Neville Marsh enjoying car collection
A hobby can merely be something that one does to past the time or find comfort in, and it usually wouldn’t break much of a sweat or require plenty investment. But for Neville Marsh, his major hobby, currently, is to collect classic cars and build on his already wide fleet of antiques – the rebuilding and fabrication included.
“I have about nine classic cars that are licensed and insured,” he told Automotives. “Most of them I rebuilt myself. I don’t do the body work and paint work, but I can dismantle them and reassemble them.”
Marsh is an astute businessman, but this hobby of his is the real head-turner. “People always get excited because they are not cars that they see every day,” he said.
Marsh is a member of the Jamaica Classic Cars Club, which includes almost 300 other car fanatics like him. He says the club has a drive out almost every month, which is usually an exciting occasion.
His storied collection already includes a 1972 Lotus Elan Plus 2, a 1965 MGB Roadster, a Volkswagen Bug, a 1973 Mustang Mach 1, a 1985 Mercedes 280SL, a 1992 300SL Mercedes – which is the newest car he has – a 1969 Lotus Cortina and three Triumphs – a 1970 Triumph TR6, a 1972 Triumph Stag and a 1970 Triumph 2000 Mk2.
He admits that sometimes, for over the course of a year, he does not drive some of these vehicles. He described how he goes about selecting his purchases: “If I see something and I am interested and it’s something that I’d want, then I will look into it. One has to be careful not to spend too much money on something that does not earn money. It’s basically a hobby for satisfaction – that’s what it all boils down to.”
With that in mind, Marsh is careful not to get carried away with it all. “If I’m working on a car and it’s becoming work, then I put it down. I leave it and get back to it another time,” he said. “It must not stress you out – they’re supposed to de-stress.”
He explained, “I build them, I do the mechanical work and fabricate body parts for them from time to time, especially panels. Panels may rot away – you have to cut it out and do the measurements around it. A fender may also be in bad shape and you have to select the right sheet metal to replace the rusted-out ones.”
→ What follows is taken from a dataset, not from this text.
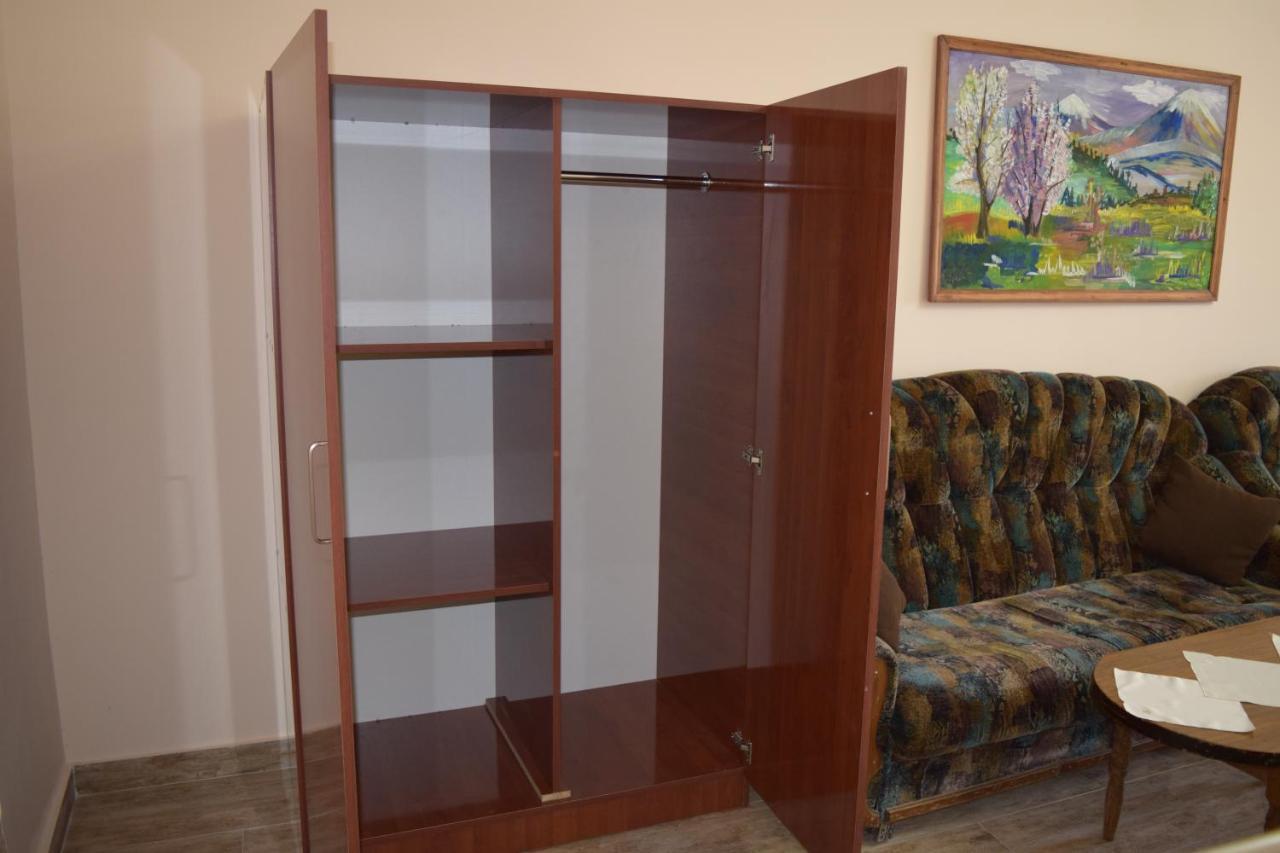 Home Garni Luaran gambar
Hot off the production line
Marsh takes pride in knowing that all his classic cars are kept classic, retaining most of the qualities that made them the showstoppers they were (and still are) back in the day. “All of my cars are standard,” he said. “They are like the day they were purchased, or like how they rolled off the production line. No modifications or anything of the sort.”
Does he have a favourite car? “They’re all my favourites,” he said, laughing. “I like convertibles,” he admitted. “I like the feeling of the rush of the wind through my hair. My favourite convertible is my 1970 TR6 and my favourite coupe is my 69 Lotus Cortina, which is white with green flash on the side.”
A family man, Marsh has a grandson who is interested in the hobby but is currently living abroad. Understandably, the granddaughters are not too keen on his interest. For now, he is enjoying his hobby to the fullest extent and taking care of his fleet of classics with no intentions to sell, at least for now.
“I don’t fix them to sell,” he said. “Maybe when I get old and I can’t drive them anymore, I’ll sell to people who are interested.”